Gülhane-Park, Istanbul
Gülhane-Park, Istanbul

Kenn den Wert der Nacht, der Freundschaft!
Gib ihr Recht der holden Herzenslust!
Da der Mondschein herzerhellend und das Tulpenstück dir hold ist
Der persische Dichter Hafis, 1390

Die Tulpe wurde ab dem 4. Jahrhundert, v. a. ab ca. 1000 n. C. Bestandteil von Ikonografie, Sagen, Märchen und Gedichten im persischen Kulturraum, als Blume der Liebe und Leidenschaft (vgl. Musche) Mit Persien lieferten sich die türkisch-osmanischen Nomaden einerseits kriegerische Auseinandersetzungen, anderseits beeinflusste die hochentwickelte persische Kunst, Wissenschaft und Kultur die Entwicklung der Türken.

Beyoğlu, Istanbul
Beyoğlu, Istanbul

Erste Hinweise auf die Kultivierung der Tulpe in den Gärten Persiens stammen aus der ersten Jahrtausendwende, ein halbes Jahrtausend bevor die Pflanze nach Europa gelangte.
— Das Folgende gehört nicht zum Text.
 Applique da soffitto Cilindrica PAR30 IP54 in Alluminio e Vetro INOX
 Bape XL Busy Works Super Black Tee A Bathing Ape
Im Prolog des Buchs „Tulipomania“ zeichnet der Autor mögliche Begegnungen, z. B. in persischen Gärten, und erste Beschäftigungen der Türken mit der Tulpe nach. Die beiden Kulturen gemeinsame, verknüpfte Beziehung zur Tulpe zeigt sich auch im gleichen Namen für die Blume: Lale. Wie andere persische Begriffe ist das Wort ins Türkisch-Osmanische übernommen worden. Lale ist in der Türkei heute nicht nur der Name der Pflanze, sondern ein beliebter weiblicher Vorname, z. B. der türkischen Autorin Lale Müldür. In Deutschland ist der Name Lale ebenfalls angekommen, z. B. der der Fitnesstrainerin Lale Ceylan in der ARD-Fernsehserie „Sturm der Liebe“ oder der der Lale Shisha Bar in Berlin-Wedding, die 2021 mit einer Schießerei einige Berühmtheit erlangte.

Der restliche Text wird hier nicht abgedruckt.